Input data:
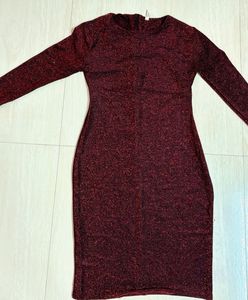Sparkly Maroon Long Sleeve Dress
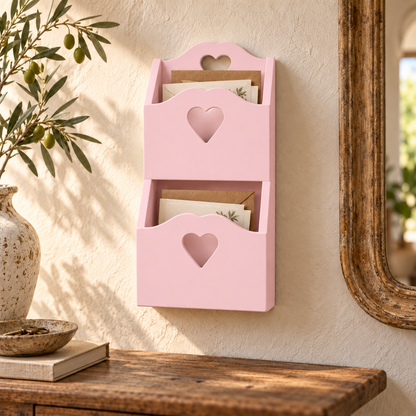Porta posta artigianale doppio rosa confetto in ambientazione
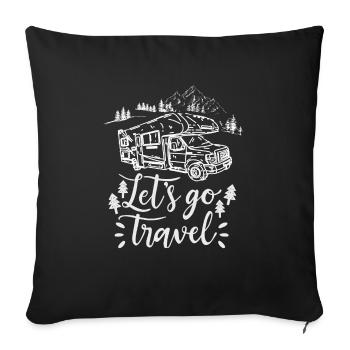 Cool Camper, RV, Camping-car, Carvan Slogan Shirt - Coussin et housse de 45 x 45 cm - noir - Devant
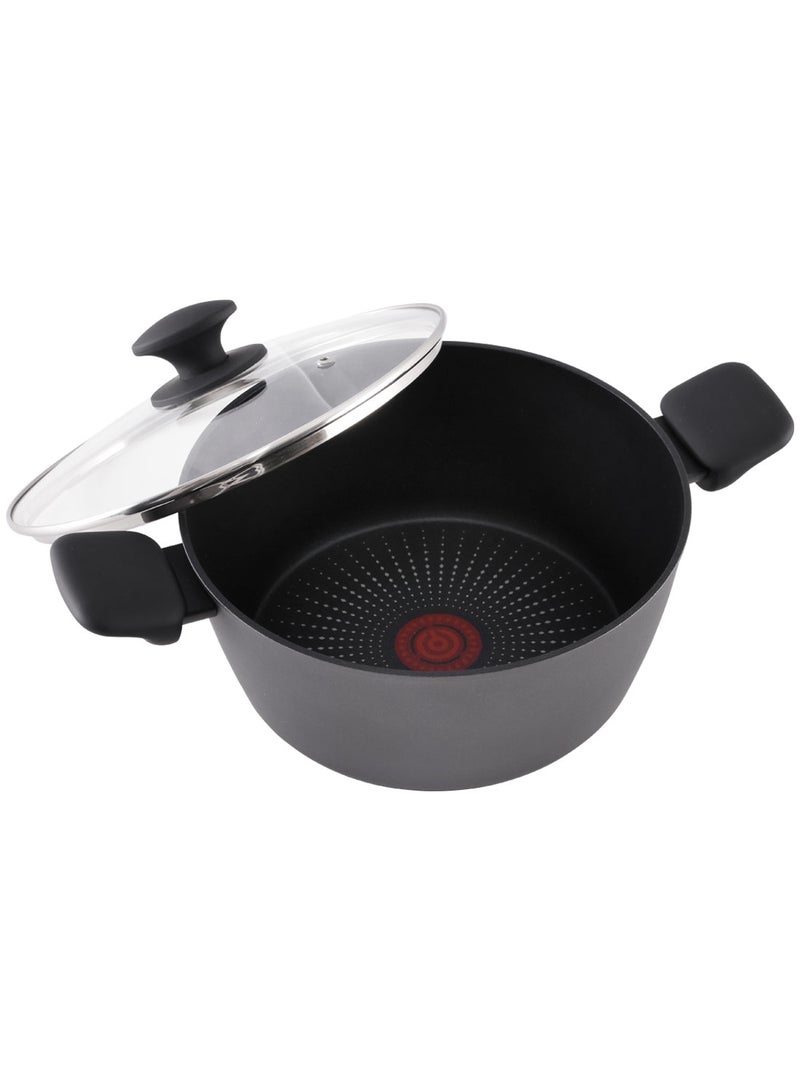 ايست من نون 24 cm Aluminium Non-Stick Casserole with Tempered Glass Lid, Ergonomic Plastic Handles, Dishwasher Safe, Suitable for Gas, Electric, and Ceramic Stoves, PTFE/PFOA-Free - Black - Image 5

Work task: From the line that contains "Cool Camper, RV, Camping-car, Carvan" down to the last line of the material above, every line must be repeated exactly, with pictures removed and both end lines included.

Answer for the task:
 Cool Camper, RV, Camping-car, Carvan Slogan Shirt - Coussin et housse de 45 x 45 cm - noir - Devant
 ايست من نون 24 cm Aluminium Non-Stick Casserole with Tempered Glass Lid, Ergonomic Plastic Handles, Dishwasher Safe, Suitable for Gas, Electric, and Ceramic Stoves, PTFE/PFOA-Free - Black - Image 5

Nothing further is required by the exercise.